In the Report, the Committee concluded that the “failed election” consequences make it unwise to change the statutory plurality default rule – because it would apply universally to all companies governed by state statutes adopting the Model Act provisions. Rather, the Committee decided that the statutory framework should facilitate individual corporate action.

Among other proposals, the Committee would permit shareholders – or directors by private ordering – to adopt a bylaw providing for a form of majority voting. Thus, the heart of the Committee’s proposal is a carefully-tailored majority voting bylaw standard that can be adopted unilaterally by either the board of directors or the shareholders. This approach, coupled with other measures described in the Report, would normally have the effect of not seating, for more than a 90-day transitional period, a director whose election or reelection has effectively been rejected by a majority of votes cast.

In response to concerns regarding the validity of voluntarily-adopted board policies, the Committee also is separately proposing to adopt a statutory method expressly to facilitate and enforce resignations tendered by directors. The Report raises a number of specific questions that the Committee seeks input on – last chance to speak up!

Hear more about this important Report in the upcoming webcast – “Practical Considerations: Implementing a Majority Vote Standard” – whose panel includes the Committee Chair Norman Veasey.

FASB and IASB Seek Comments on Fair Value Accounting

As highlighted in this recent podcast with Jack Ciesielski, this is the year of fair value accounting. Last week, the FASB and IASB issued this request for comment about the financial analysis of companies that report some – or all – financial instruments at fair value. Here is some background on the request – and here is the related questionnaire. Responses are sought by April 14th.

Reminder: Careful with Your Voicemails!

I got a kick out of this voicemail that was discussed in Sunday’s NY Times column by Gretchen Morgenson. It was left by a retail investor for analyst Michael Krensavage.

Brought back memories from my days working in Corp Fin’s Office of Chief Counsel, where you spend hours each day talking to whomever calls OCC’s hotline and receive some quacky voicemails. Also reminded me of the voicemail left by an associate working on a deal that made the online rounds a few years back, as so eloquently blogged by Wilson Chu on the DealLawyers.com Blog.

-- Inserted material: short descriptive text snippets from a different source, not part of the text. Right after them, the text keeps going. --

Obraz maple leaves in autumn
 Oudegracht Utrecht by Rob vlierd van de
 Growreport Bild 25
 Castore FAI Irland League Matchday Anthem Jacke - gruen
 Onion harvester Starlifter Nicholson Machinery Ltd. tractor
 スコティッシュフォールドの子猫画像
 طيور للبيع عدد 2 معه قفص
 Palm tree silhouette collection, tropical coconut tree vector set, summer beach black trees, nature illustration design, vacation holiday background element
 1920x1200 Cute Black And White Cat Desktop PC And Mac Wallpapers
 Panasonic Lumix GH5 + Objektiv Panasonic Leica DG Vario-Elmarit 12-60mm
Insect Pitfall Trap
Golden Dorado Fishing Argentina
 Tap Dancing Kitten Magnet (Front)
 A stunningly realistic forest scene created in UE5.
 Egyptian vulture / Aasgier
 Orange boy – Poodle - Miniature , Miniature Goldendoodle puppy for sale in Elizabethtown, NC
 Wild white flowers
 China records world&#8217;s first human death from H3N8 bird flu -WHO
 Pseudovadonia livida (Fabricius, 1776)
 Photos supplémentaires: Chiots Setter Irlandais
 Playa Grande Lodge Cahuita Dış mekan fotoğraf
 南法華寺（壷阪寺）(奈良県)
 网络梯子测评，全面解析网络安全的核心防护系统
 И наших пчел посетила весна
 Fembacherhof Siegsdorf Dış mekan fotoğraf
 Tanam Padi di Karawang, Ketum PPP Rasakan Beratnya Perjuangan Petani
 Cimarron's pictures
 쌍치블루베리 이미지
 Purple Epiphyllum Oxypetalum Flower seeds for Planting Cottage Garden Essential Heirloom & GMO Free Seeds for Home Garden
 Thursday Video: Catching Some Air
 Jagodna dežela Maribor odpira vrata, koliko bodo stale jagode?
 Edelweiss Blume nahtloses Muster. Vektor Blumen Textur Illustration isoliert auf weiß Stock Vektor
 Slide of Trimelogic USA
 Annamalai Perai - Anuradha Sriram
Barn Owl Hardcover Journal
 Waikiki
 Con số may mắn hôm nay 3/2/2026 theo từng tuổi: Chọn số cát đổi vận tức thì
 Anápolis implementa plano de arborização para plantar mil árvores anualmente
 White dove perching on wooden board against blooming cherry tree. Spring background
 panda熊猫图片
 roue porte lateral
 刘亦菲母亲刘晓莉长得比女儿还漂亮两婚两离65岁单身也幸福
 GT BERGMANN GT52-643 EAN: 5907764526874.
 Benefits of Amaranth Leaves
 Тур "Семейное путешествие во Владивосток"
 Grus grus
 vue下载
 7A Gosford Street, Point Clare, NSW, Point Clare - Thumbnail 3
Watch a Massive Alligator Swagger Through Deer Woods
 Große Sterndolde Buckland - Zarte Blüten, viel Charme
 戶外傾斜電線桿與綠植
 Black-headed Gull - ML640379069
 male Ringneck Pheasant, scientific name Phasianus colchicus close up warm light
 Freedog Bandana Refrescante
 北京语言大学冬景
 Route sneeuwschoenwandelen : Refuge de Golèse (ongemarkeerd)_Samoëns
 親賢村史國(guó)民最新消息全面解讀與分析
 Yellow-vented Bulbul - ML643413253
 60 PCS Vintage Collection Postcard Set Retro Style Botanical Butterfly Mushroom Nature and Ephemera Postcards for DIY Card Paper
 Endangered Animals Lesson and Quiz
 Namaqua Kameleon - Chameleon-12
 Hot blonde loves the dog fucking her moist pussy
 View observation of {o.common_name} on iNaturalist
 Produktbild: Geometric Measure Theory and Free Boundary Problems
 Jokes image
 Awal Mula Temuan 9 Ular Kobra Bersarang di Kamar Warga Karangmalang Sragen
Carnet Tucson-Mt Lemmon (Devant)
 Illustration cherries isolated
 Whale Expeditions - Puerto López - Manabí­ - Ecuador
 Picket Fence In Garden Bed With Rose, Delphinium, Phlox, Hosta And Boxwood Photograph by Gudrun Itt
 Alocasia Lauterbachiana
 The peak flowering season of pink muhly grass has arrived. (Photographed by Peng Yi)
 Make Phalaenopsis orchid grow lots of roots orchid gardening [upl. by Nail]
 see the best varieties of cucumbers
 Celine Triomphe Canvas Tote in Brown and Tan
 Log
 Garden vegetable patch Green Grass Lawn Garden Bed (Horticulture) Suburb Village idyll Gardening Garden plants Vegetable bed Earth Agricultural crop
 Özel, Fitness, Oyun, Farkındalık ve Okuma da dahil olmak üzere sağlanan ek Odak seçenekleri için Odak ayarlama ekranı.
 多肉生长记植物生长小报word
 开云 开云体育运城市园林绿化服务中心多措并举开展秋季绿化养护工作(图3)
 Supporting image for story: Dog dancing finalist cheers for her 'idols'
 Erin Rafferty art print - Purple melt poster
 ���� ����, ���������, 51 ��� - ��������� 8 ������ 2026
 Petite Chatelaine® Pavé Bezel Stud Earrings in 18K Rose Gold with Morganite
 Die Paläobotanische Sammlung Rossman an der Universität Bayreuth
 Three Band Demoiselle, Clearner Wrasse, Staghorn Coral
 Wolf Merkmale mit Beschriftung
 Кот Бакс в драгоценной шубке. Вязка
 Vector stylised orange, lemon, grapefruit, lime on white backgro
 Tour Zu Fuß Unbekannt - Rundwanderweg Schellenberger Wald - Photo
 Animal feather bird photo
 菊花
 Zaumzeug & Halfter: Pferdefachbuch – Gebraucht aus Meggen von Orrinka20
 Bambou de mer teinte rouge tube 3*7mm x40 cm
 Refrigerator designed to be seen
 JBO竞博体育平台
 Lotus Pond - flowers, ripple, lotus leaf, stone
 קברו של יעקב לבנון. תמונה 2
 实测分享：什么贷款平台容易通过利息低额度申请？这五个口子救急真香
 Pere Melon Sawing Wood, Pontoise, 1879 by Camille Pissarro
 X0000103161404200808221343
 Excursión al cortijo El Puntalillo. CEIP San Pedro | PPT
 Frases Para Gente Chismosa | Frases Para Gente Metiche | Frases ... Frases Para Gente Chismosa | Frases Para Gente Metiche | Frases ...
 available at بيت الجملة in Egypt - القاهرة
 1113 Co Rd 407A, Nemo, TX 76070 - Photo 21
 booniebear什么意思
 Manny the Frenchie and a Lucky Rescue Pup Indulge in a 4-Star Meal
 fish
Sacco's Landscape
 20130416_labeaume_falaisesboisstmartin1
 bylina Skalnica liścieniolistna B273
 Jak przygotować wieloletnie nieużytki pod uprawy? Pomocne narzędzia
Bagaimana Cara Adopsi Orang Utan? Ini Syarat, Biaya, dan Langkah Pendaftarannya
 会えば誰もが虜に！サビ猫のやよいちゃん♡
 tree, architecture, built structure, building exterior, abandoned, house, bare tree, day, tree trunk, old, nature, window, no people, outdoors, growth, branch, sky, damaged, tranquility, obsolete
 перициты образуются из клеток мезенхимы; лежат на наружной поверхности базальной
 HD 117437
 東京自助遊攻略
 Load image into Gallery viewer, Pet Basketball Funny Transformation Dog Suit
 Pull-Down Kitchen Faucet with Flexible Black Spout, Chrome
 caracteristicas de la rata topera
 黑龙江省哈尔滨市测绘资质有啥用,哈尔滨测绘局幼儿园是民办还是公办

Is Hiring A Defense Attorney Obstruction of Justice?

From the White Collar Crime Prof Blog: “The Second Superseding Indictment in the case of United States v. Singleton provides some fascinating language in Count Ten, an obstruction charge under 18 USC 1512(c)(2). It seems that comments made by an employee during an internal investigation are now being used to form the charge of obstruction. The indictment actually states that the defendant “informed the Outside Lawyers that he had retained an attorney and wanted to reschedule the interview for a time when his attorney could be present…..The attorney was a criminal defense attorney.”

This approach of using employee statements during an internal investigation to form the basis of a charge in an indictment was seen in the case of Computer Associates (see post here).

The ramifications of the government taking this approach is that employees will be less likely to participate in internal investigations. Such an approach will not be beneficial to the company, not assist the shareholders, and certainly destroys any trust between a company and its employees. And if the conversations will no longer take place, then the government will get nothing. This is not an impressive move by the government. Is it really worth getting the information in these two cases to cause such damage to the corporate environment?”